I recently bought a wheel truing stand so I can keep my bike rolling smoothly. As machinery goes, it is a piece of art. Made in Germany with beautiful finishing and very tight tolerances, it is as much sculpture as it is a practical tool.
The problem is that not only are they made in Germany, but they can only be bought in Germany. As in, in Euros. You know—that currency that back in 2014 was $1.39 to buy €1.00? That one.
Imagine my delight when I was able to buy it at the exchange rate on October 27, 2022. $1.00 was now worth slightly more than a Euro. What happened and what does this mean?
The dollar has risen for several reasons. The first is that money tends to go where it is treated best. Interest rates in the United States are relatively more attractive than many other developed market countries. For example, the US 10-year yielded just over 4% as of 10/26 (1). Meanwhile in Germany, the equivalent 10-year Bund has a yield of 2.1% (2). Foreigners have been shifting money to dollars and supporting the exchange rate. The second reason is that historically investors have used the dollar as a haven in times of economic uncertainty, and uncertainty can be found in abundance around the world today. This helps explain the dollar’s rise of 17.7% over the past 12 months, according to the DXY tracks tracked by MarketWatch.
What does this mean for us?
We in the United States are privileged that the dollar is the world’s largest exchange and reserve. As a result, we don’t experience these exchange rate fluctuations the same way as those in other currency countries do. We experience a rising dollar a bit like a person in a boat tied to a fixed dock might experience a rising tide. Everything in the boat remains the same as the tide rises, but the objects on the shore fall lower from our perspective.
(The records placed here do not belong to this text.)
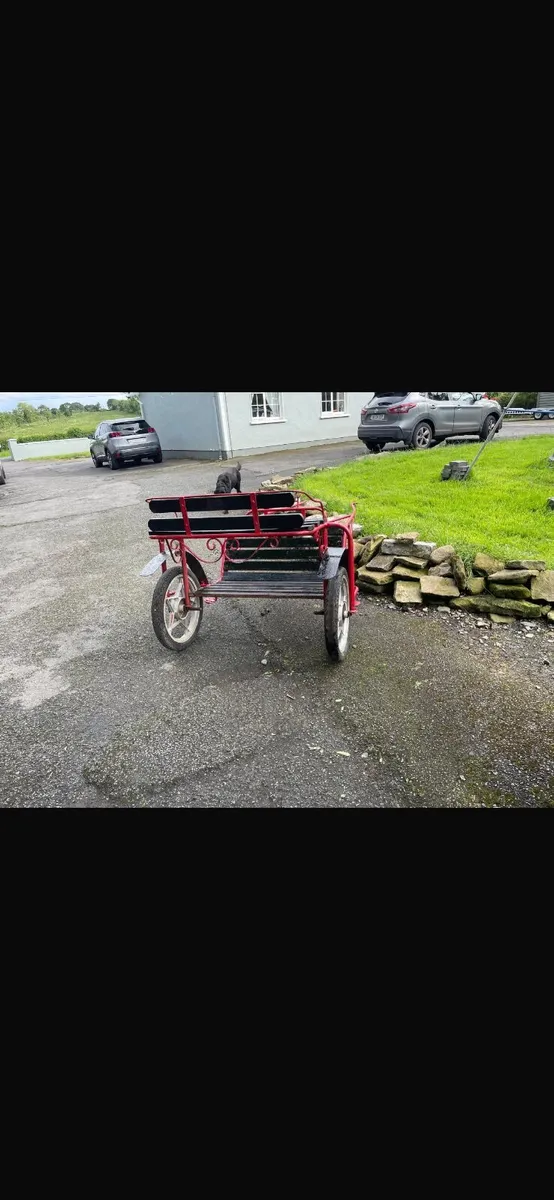pony cart - Image 3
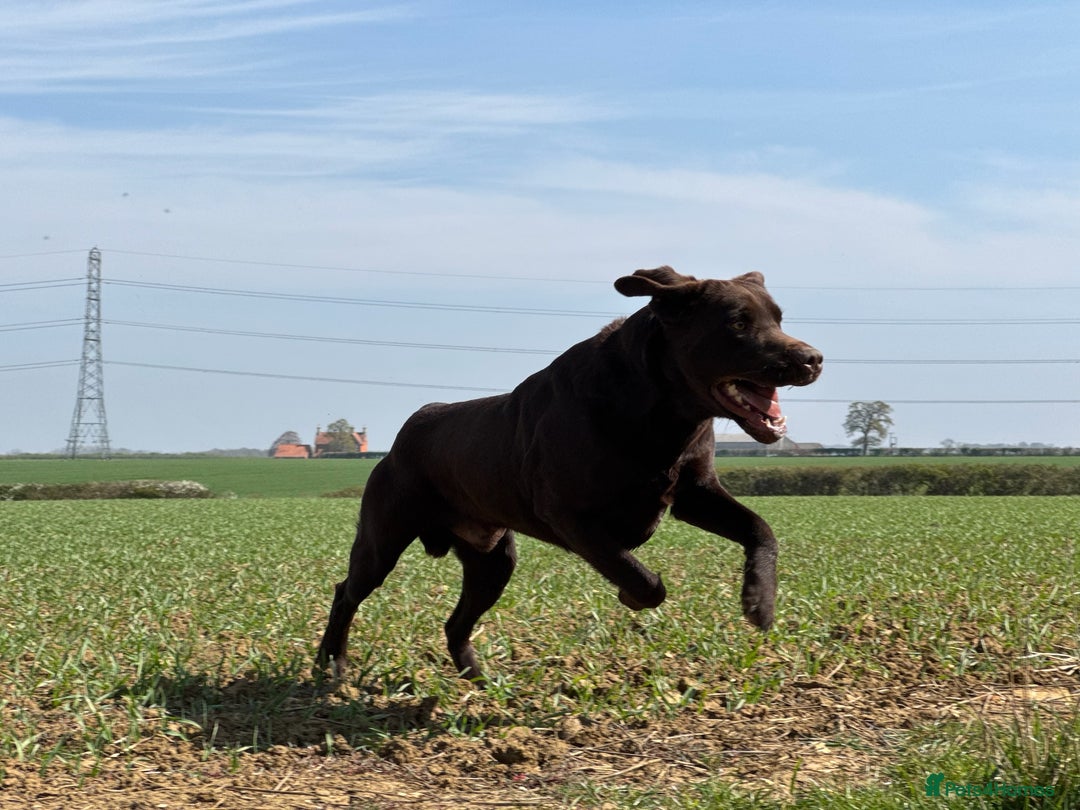 Labrador Retriever dogs for stud: Proven KC Reg Labrador health tested stud in Olney - Image 18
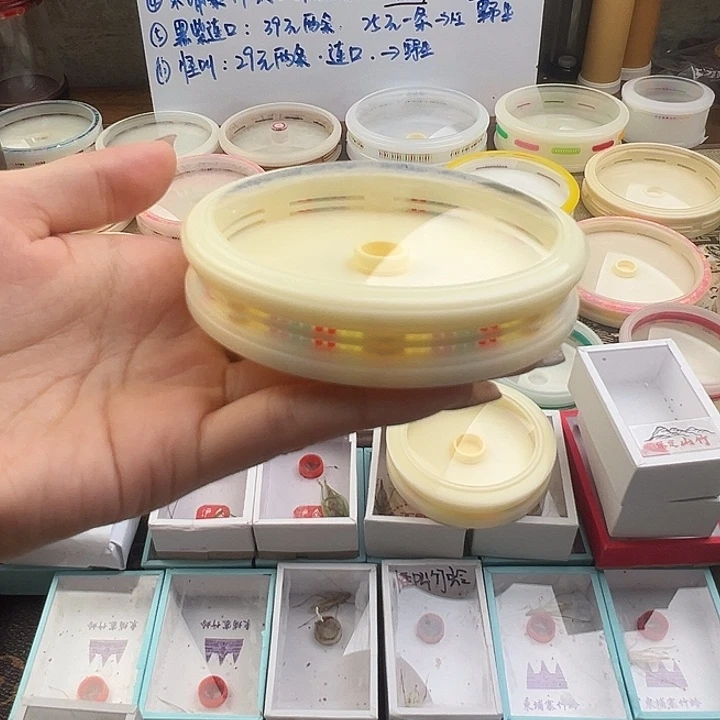 张叽叽双窗万体一个
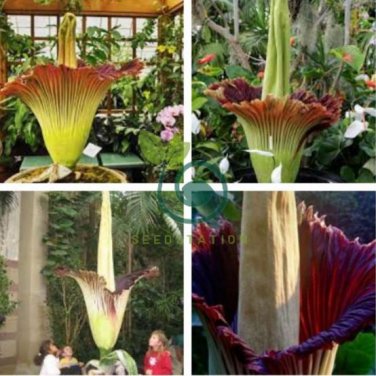 Cut Corpse Bonsai Flower Garden Perennial Potted Plants 200 Seeds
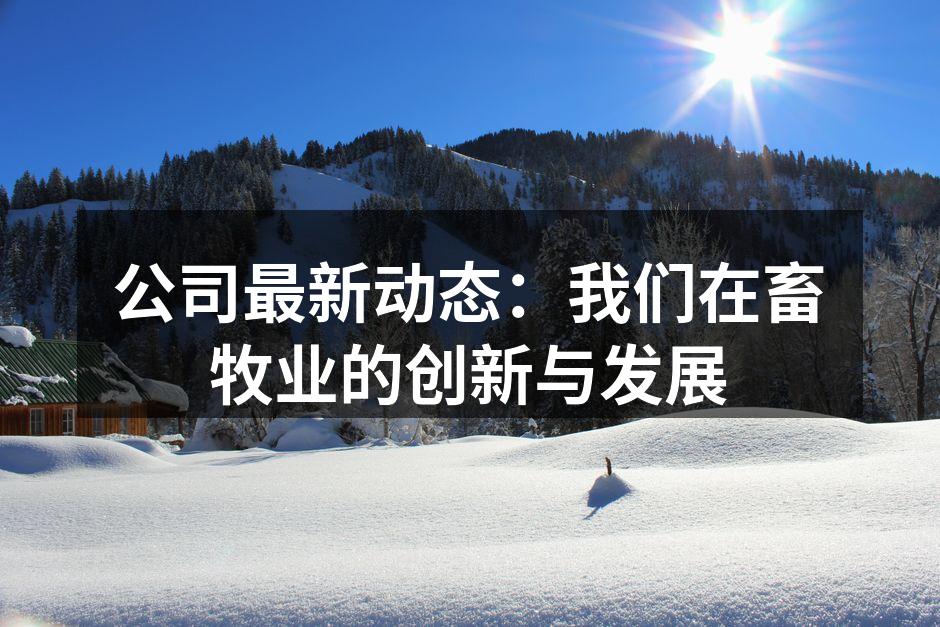 公司最新动态：我们在畜牧业的创新与发展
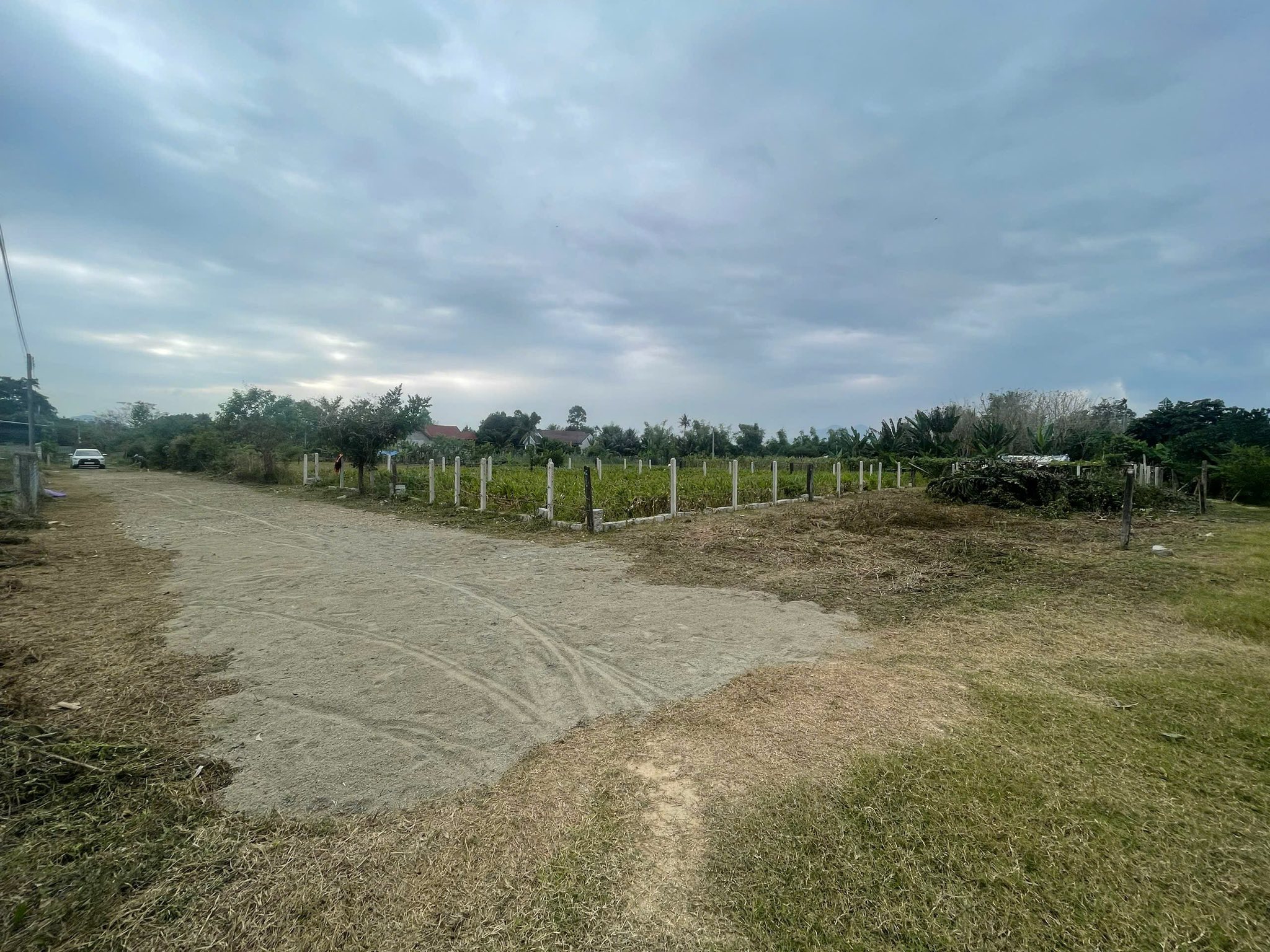 CHỦ CẦN ĐỂ LẠI LÔ ĐẤT ĐẸP NỞ HẬU XÃ DIÊN BÌNH - DIÊN KHÁCH THỔ CƯ 100% 3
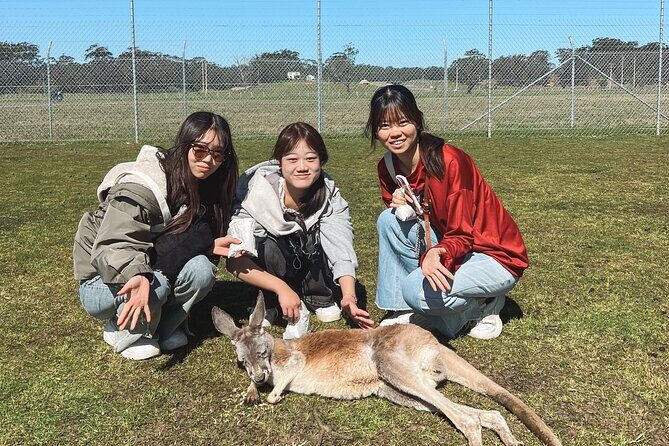Newcastle: Animal Lovers Tour - Kangaroos, Dolphins & more! - Exploring the Newcastle: Animal Lovers Tour – Kangaroos, Dolphins & More!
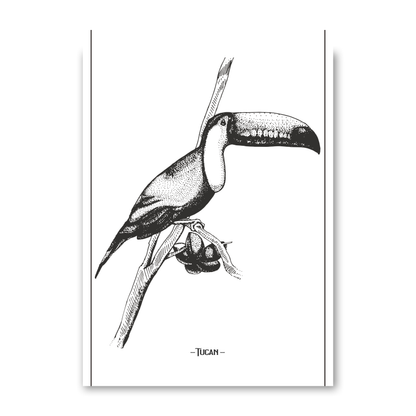 Tucan 3 by Jason Stanley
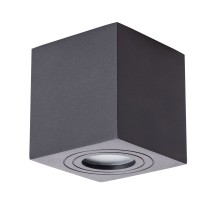 Потолочный светильник уличный Galopin A1461PL-1BK Arte Lamp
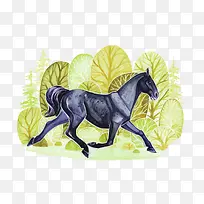 矢量水彩马-空若网 矢量水彩马-空若网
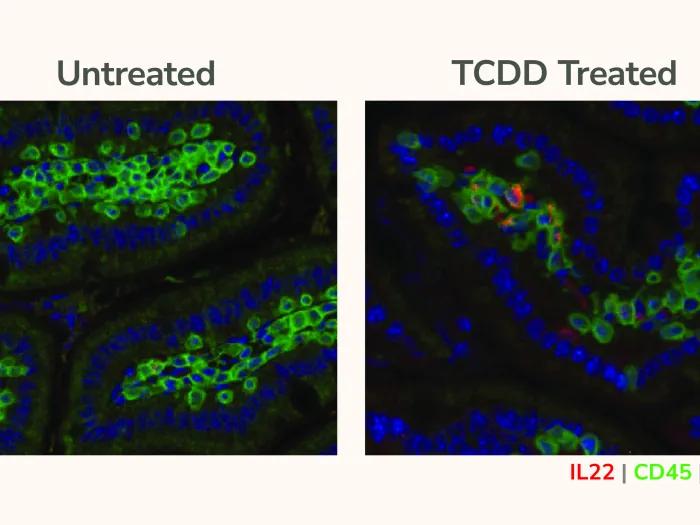 microscopic image with one on left saying untreated and one right saying TCDD treated. They are lit up bright green and some blue and a little red on the right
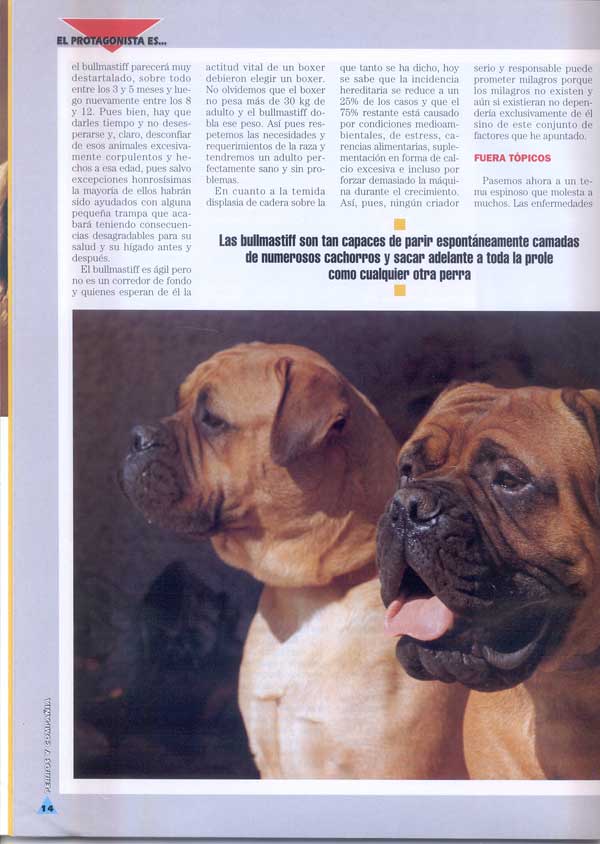 Bullmastiff, Poderoso Caballero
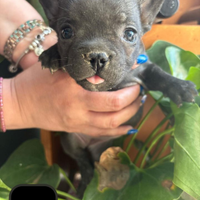 Bulldog francesi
On the other hand, if you’re standing on the dock, the rising tide makes reaching up to the boat a little harder.
As consumers, the rising dollar helps by making goods we buy from abroad less expensive in dollar terms. My truing stand from Germany is a perfect example. My spending money also goes farther if I decide to vacation abroad when I convert my dollars to a higher number of Euros, pounds, etc. if the other currency has fallen relatively to the dollar. Consumption of overseas goods and services is cheaper.
As an investor, the rapid rise in the dollar has complex implications. An investment in a foreign currency denominated asset such as foreign stocks, real estate, or bonds becomes worth less simply because of the change in the exchange rate. US based investments are not immediately affected by the exchange rate, because—to use our earlier example—they are in the same boat as we are, rising on the same tide.
Companies in our stock market are affected in several different ways. Supplies or labor purchased abroad becomes cheaper and may improve profitability, but their goods become more expensive to foreign consumers which may hurt sales. The actual impact on a company depends on the combination of these and other factors.
The rapidly rising dollar has given foreign stocks a significant headwind so far in 2022. Investors should remember that trends can reverse, and diversification will continue to play an important role. If the dollar trend reverses, a falling dollar could increase the value of foreign assets, increase the cost of goods and services purchased overseas, and increase the profits of companies selling to customers abroad.